* PROBLEM STATEMENT
Each line below is to be copied exactly; images do not go into the copy.

* MATERIAL PROVIDED
—————
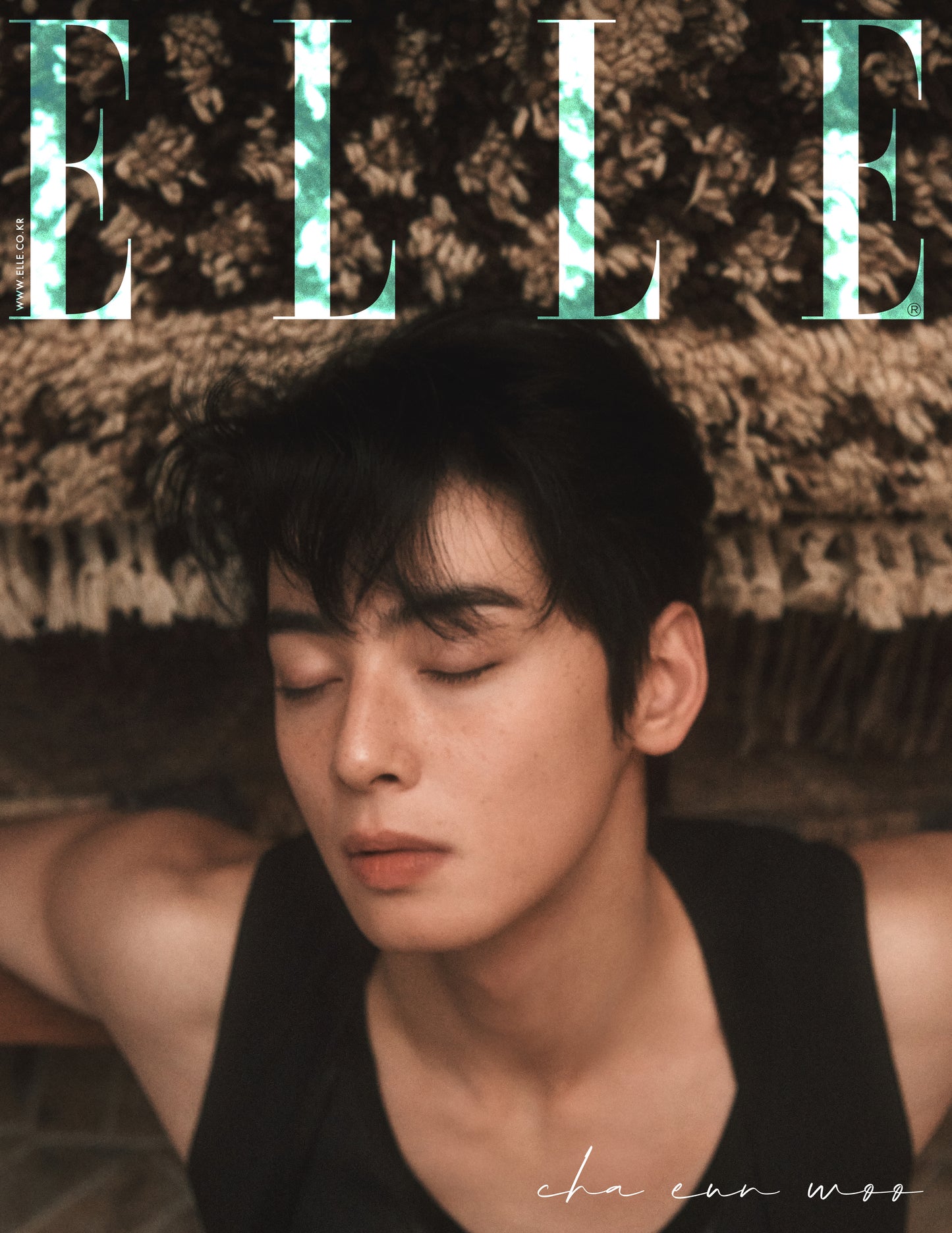 ELLE | 2025 FEB. | CHA EUN WOO COVER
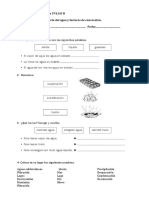 Examen Física y Química 2º ESO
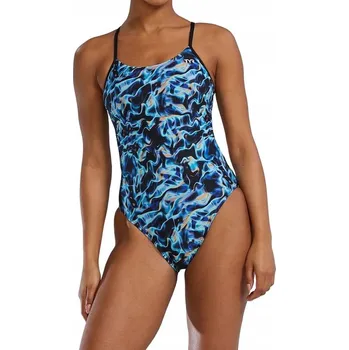 Dámské plavky Plavky TYR Energia 420 Durafast Elite Cutoutfit, velikost 42 (UK32) / S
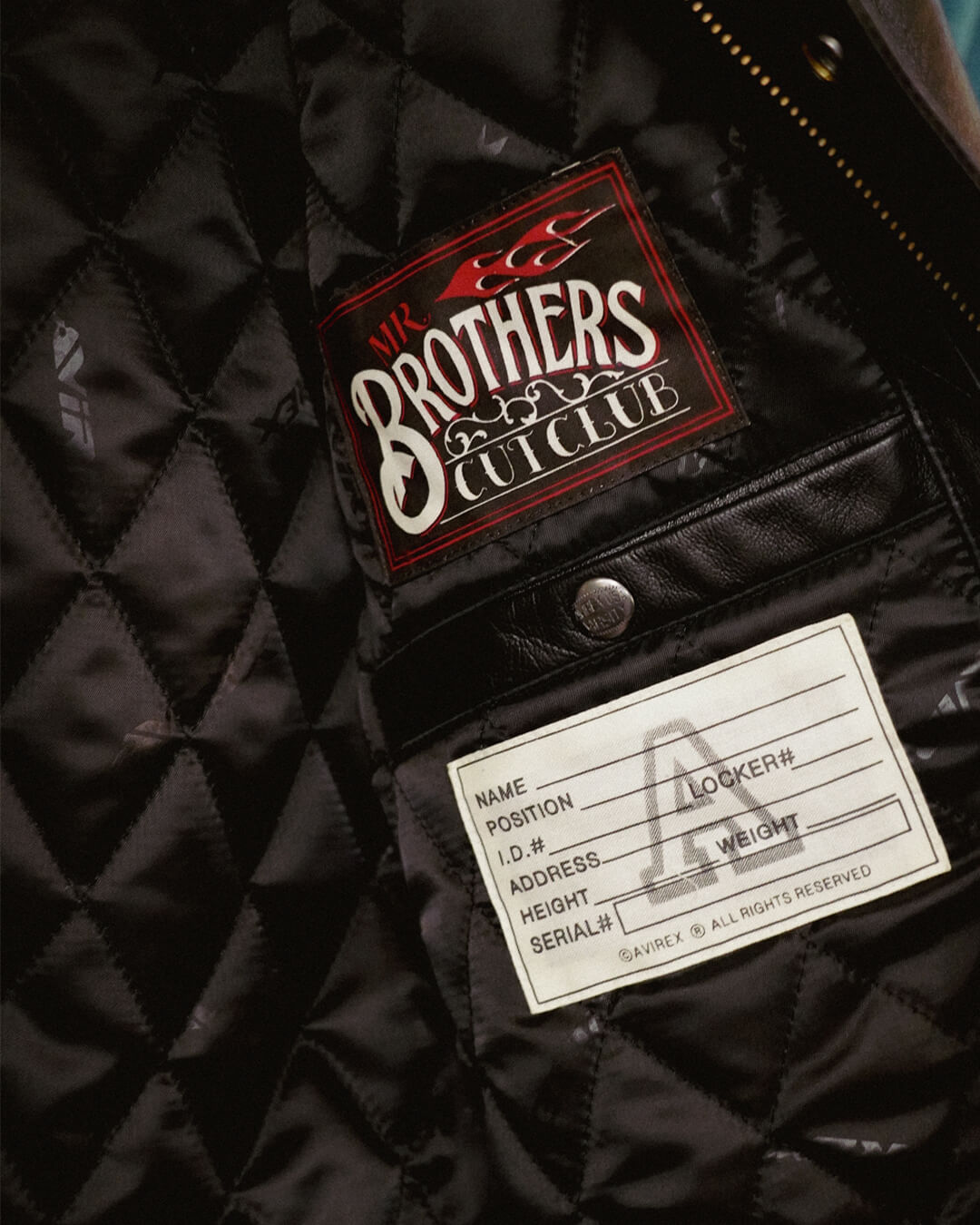 AVIREXとMR.BROTHERS CUT CLUBがコラボ！両ブランドのグラフィックを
—————
* EXERCISE SOLUTION
 ELLE | 2025 FEB. | CHA EUN WOO COVER
 Examen Física y Química 2º ESO
 Dámské plavky Plavky TYR Energia 420 Durafast Elite Cutoutfit, velikost 42 (UK32) / S
 AVIREXとMR.BROTHERS CUT CLUBがコラボ！両ブランドのグラフィックを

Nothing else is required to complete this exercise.